The next step for BrainSharper is to extend its capability to handle very large documents. It should be possible to edit documents that contain thousands of nodes and connectors without noticing a drop in rendering performance. While this “optimization” may look like a premature one, I fear that continuing without it would have dramatic consequences on the internal design, which can be very hard to fix later on. Exceptionally, and only when an optimization directly concerns scalability, my personal guidelines allow me to optimize prematurely, so here it goes:
In its document editor, BrainSharper uses event sourcing to build up the domain model. There are two derived models, or as I call them now “views”, these are a) the domain model and b) the compensating changesets. When a new event is created, the event and both views are written to an SQLite database in one single transaction.

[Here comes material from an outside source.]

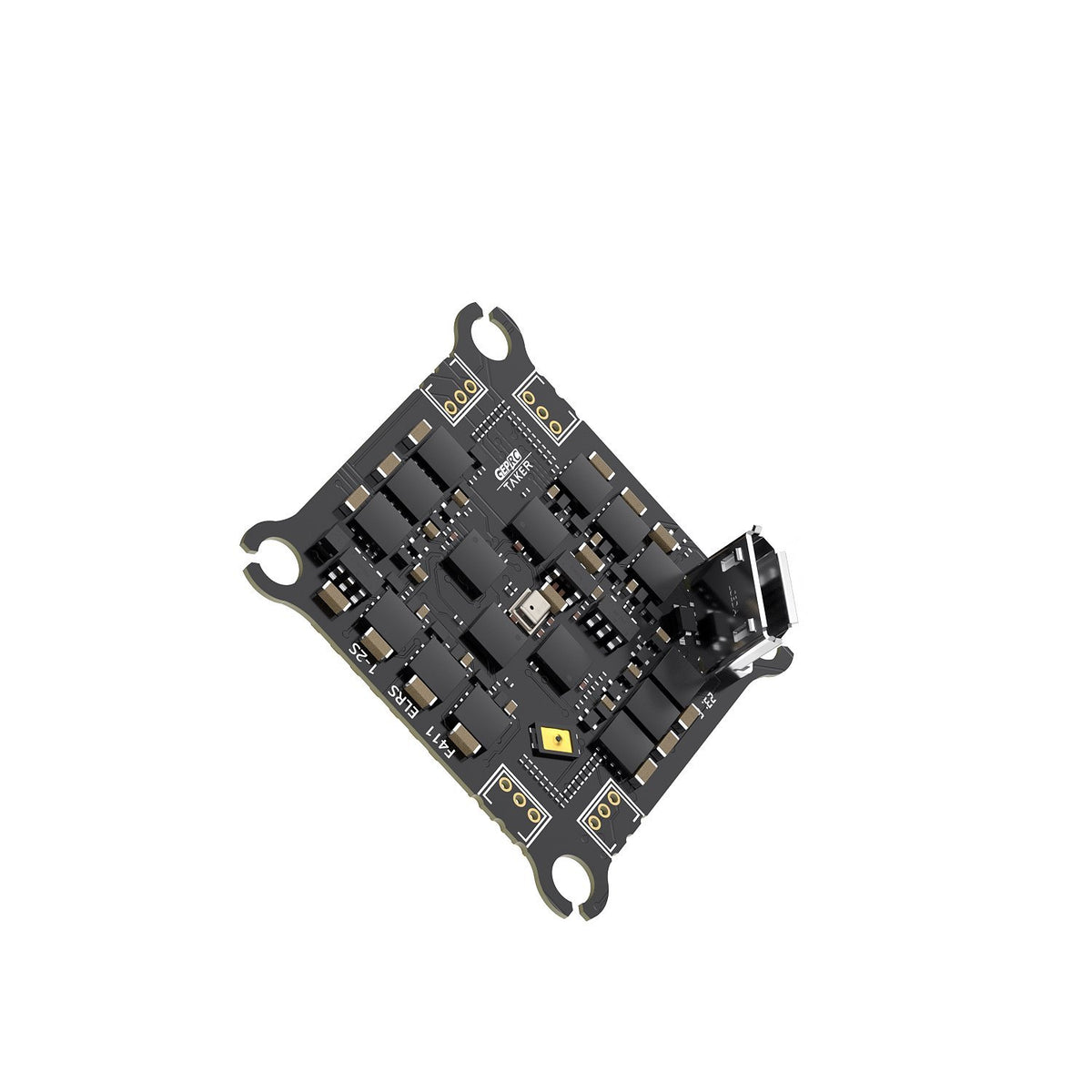 GEP-TAKER F411-12A-E 1~2S AIO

SQLite has this great feature, the R-Tree, which implements a data structure that is suitable for queries over multi-dimensional ranges. So the idea is to maintain one separate R-Tree table to optimize queries for the presentation layer. Maintaining an R-Tree table has the following consequences:
- Besides the R-Tree table, one more view table is required: In the domain model, different types of visuals are stored in separate tables (nodes, connectors, etc.), but when only one R-Tree is used to cover all presentation queries, the R-Tree also needs to refer to different visual types. All the visuals are identified by a GUID, but the R-Tree can only refer to 64 bit integer identifiers. So my first idea was to link the R-Tree to the domain model by using a pivot table, but then I thought that CQRS is about optimizing read performance and so it shouldn’t be a problem to introduce another, simpler, “view” that just contains a list of serialized domain visuals referable by a single integer primary key. The additional table may nearly double the storage that is used, but I guess it’s worth it, because then a query of all visible objects is just single SQL statement.
- The location of the visuals have to be determined up front: Right now, only the minimum information is stored in the domain model. For example, there is no location information directly available for connectors or labels in the database. Their positions are derived from the positions of the nodes in the presentation layer. Now, at the time the R-Tree is generated, the location information needs to be derived directly from the domain model, which is basically simple, but may require some additional lookups.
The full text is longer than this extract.